OECDでは、多国籍企業が所得を人為的に操作して課税逃れを行う問題に対処するために、2012年に「税源浸食と利益移転(BEPS:Base Erosion and Profit Shifting)」プロジェクトを始めました。多国籍企業の中には、関連企業間の取引を通じて収益を税金の軽い国に移転するなどして、課税を逃れようとする企業があります。そんな算段を許してはいけない。こうした課題を含めて、15項目の「BEPS行動計画」に沿って精力的な議論が続けられ、2015年に最終報告書がまとまりました。報告の中には、モデル租税条約の修正に関する報告も盛り込まれており、最新のモデル租税条約である2017年版に反映されています。このようにモデル租税条約は時代の趨勢に応じて改訂されていきます 。

 

最近では、インターネットをはじめとしたデジタル技術を用いてビジネスを展開する企業に対して、どう課税するのかについても、このBEPSの枠組みで議論されてきています。たとえば多国籍企業が、ある国の消費者からインターネットを通じて利益を上げているにもかかわらず、その国に支店や工場を置いていないので、従来のルールでは十分な課税ができない、といった問題です。このように、国際課税を巡る論点は、大きな時代の動きに合わせて常に変化します。

 

租税条約に話を戻せば、たとえばわが国は、75か国・地域の間で66の租税条約を締結しています(2021年3月1日現在)。わが国のように他の各国も、このモデル条約を参考にしながら、多数の相手国と租税条約を二国間で結んでいるわけです。

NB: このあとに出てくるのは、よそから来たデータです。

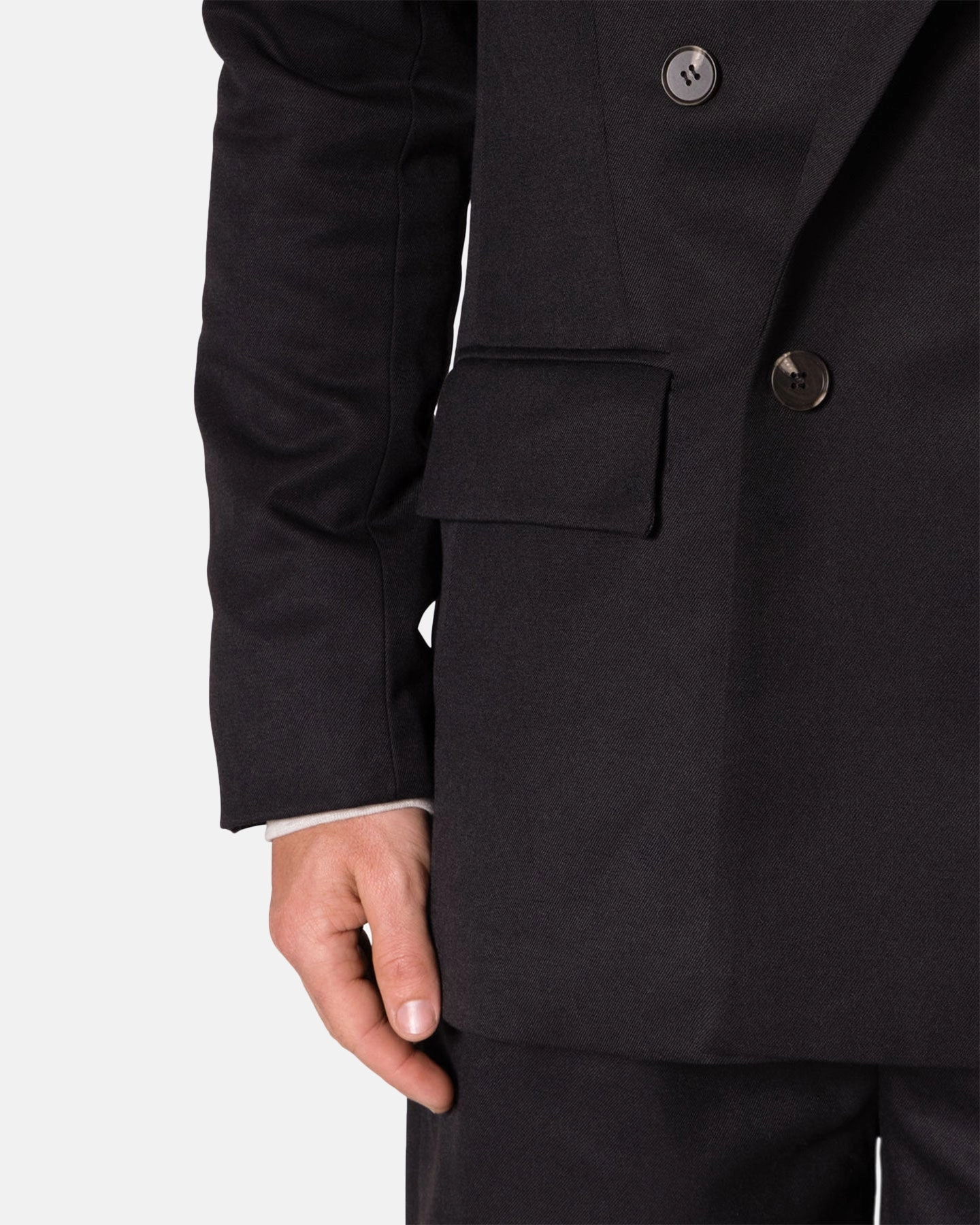 Thermal Lining MNML Double Breasted Suit Jacket Black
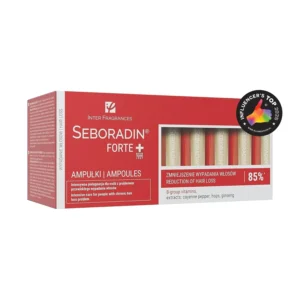 Seboradin Forte hair growth serum ampoules with B vitamins and natural extracts to reduce hair loss and strengthen thinning hair.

各国にとってOECDのモデル条約は、いわば鯛焼き器のように、ぽんぽんと租税条約を製造する型枠になっています。鯛焼きは、形だけが同じで、でも中身はこし餡でも粒餡でも白餡でも、好みに応じて違って良いのです。最近の鯛焼きには、カスタードクリームやチョコレートが入っているのもあるそうですね。それでも美味しければ立派な鯛焼きだ。各国の租税条約も、条文の構成という条約の「形」は基本的に同じですが、「中身」にあたる1つ1つの規定の内容は少しずつ異なっています。それでもモデル租税条約の型枠にさえ合っていれば、姿良く焼きあがって機能するわけです。